(Saved data entries)
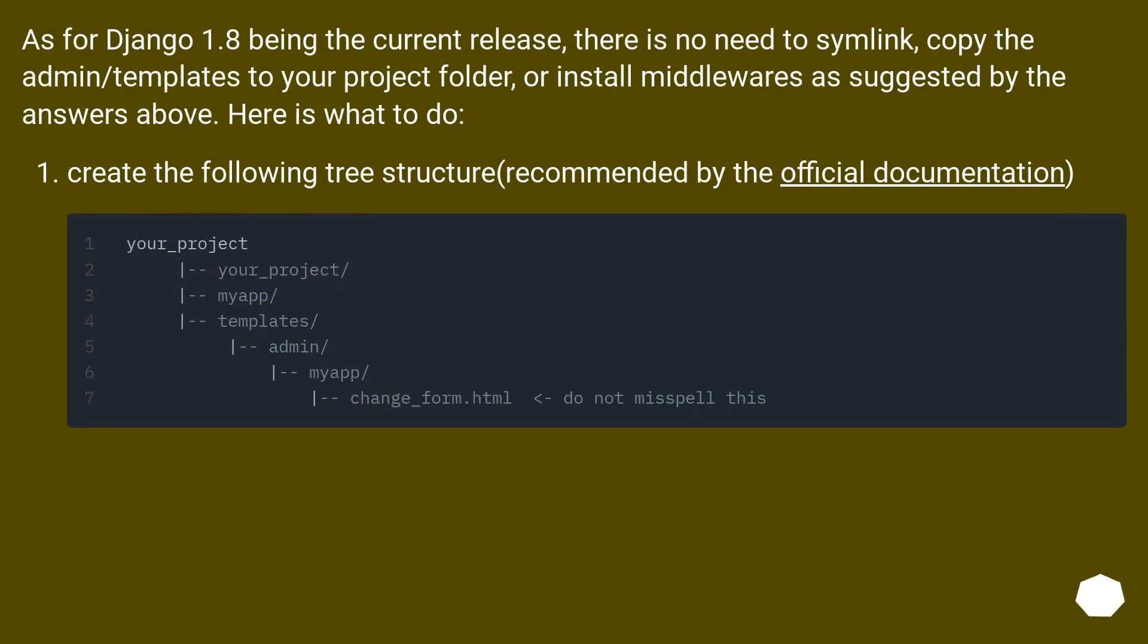As for Django 1.8 being the current release, there is no need to symlink, copy the admin/templates to your project folder, or install middlewares as suggested by the answers above. Here is what to do: create the following tree structure (recommended by the official documentation).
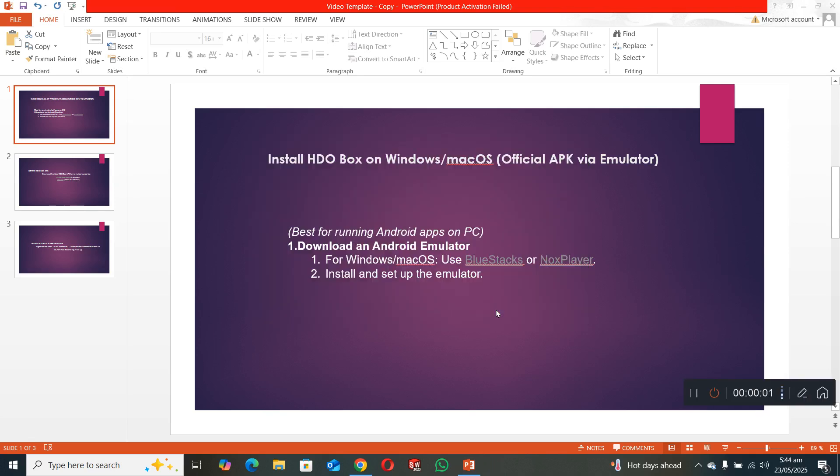Welcome back to my channel. In this video I will show you how you can install HDO box on Windows, on your laptop or PC.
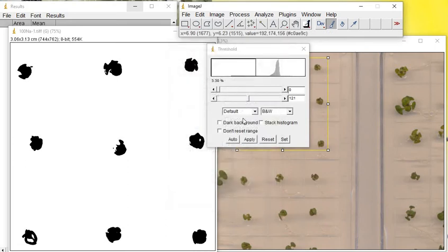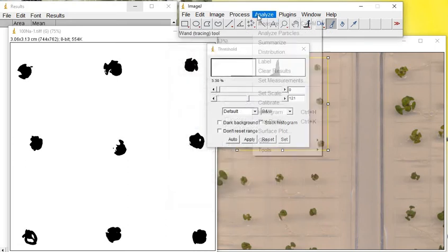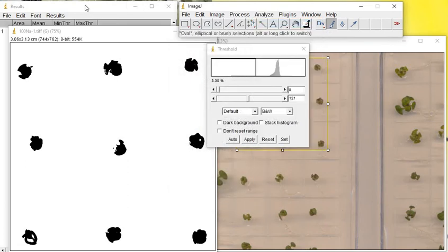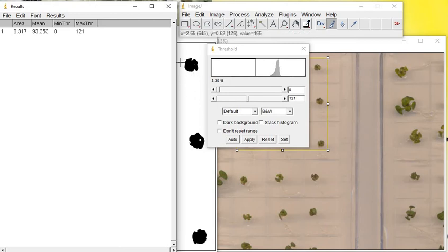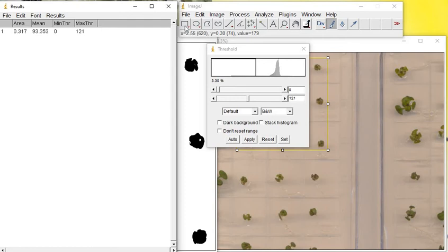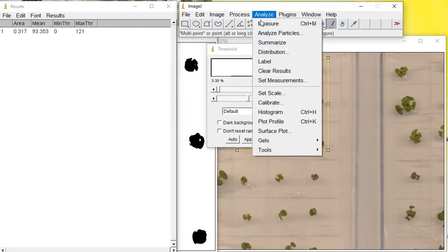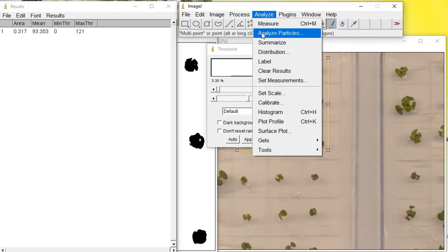Then if you use Measure, the area or the surface area of these plants will appear as this 0.317. Let's move on to this one - what will happen with this one.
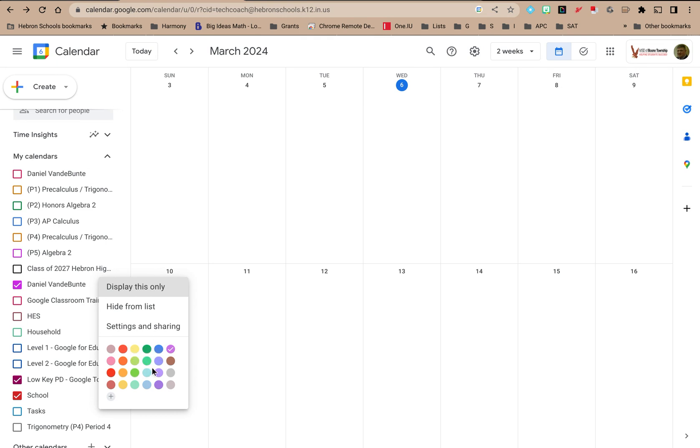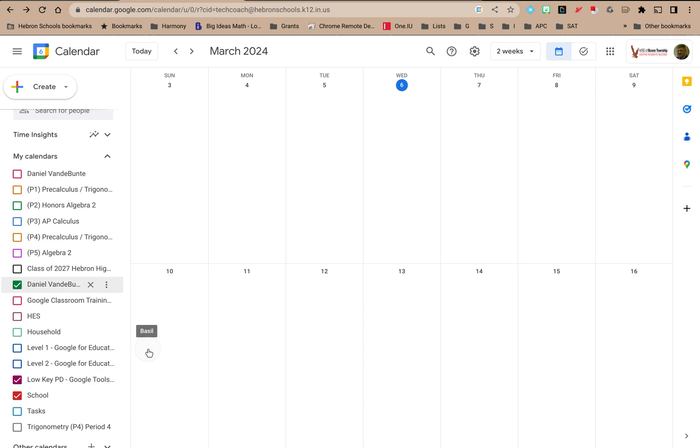If you click on a circular color tile, it will change the icon over here to that color, and then events on that calendar will also be displayed in that color.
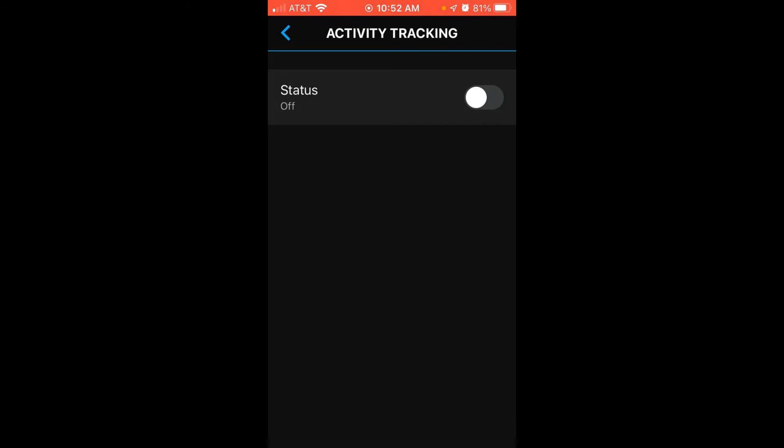Now most people are going to want to keep this on, but maybe you've got a different Garmin device or something like a Fitbit or an Apple Watch that you want to use for your Activity Tracking. You can turn it off so that your Garmin is not doing the same thing. It'll maybe save a little battery life for you.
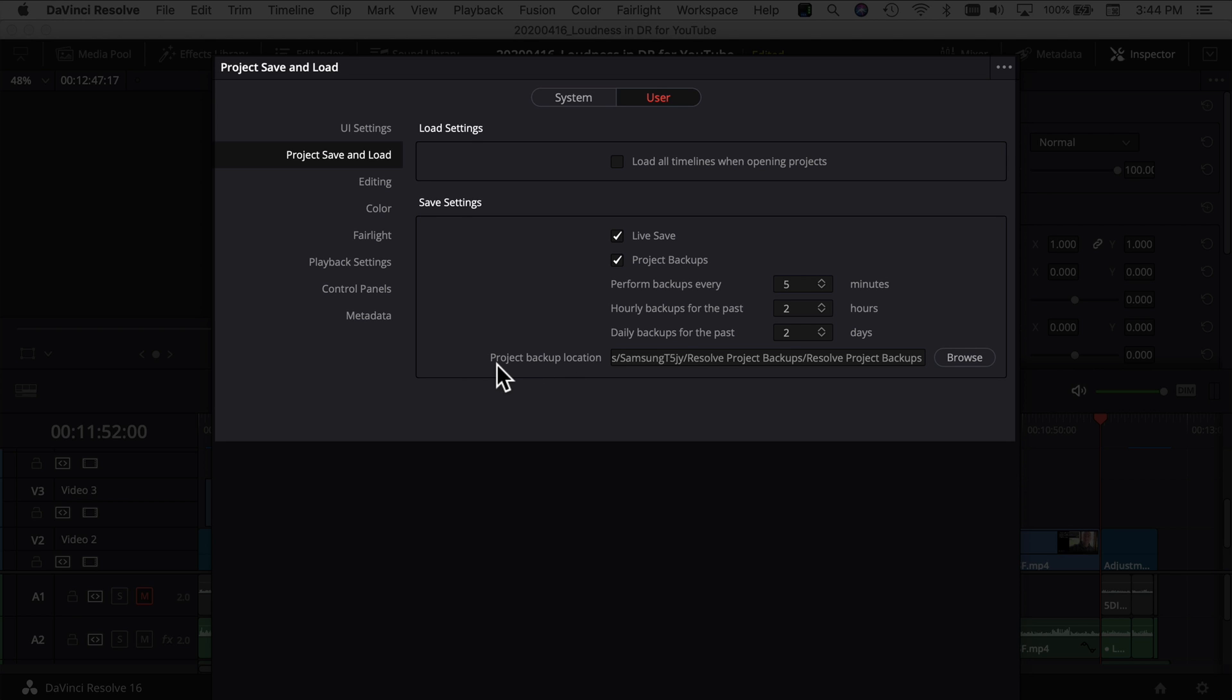But you also have an option here to select a project backup location. I store mine to an external hard drive and that's where I'll find them if I need them. So make sure you got all these set at something that works for you and then go ahead and click save and you can get out of this window.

Requirement
What to print is the stretch of entries from the line with "Welcome back to" up to and including the line with "Now most people". Please print it exactly and leave out the pictures.

Task solution
Welcome back to my channel. In this video I will show you how you can install HDO box on Windows, on your laptop or PC.
Then if you use Measure, the area or the surface area of these plants will appear as this 0.317. Let's move on to this one - what will happen with this one.
If you click on a circular color tile, it will change the icon over here to that color, and then events on that calendar will also be displayed in that color.
Now most people are going to want to keep this on, but maybe you've got a different Garmin device or something like a Fitbit or an Apple Watch that you want to use for your Activity Tracking. You can turn it off so that your Garmin is not doing the same thing. It'll maybe save a little battery life for you.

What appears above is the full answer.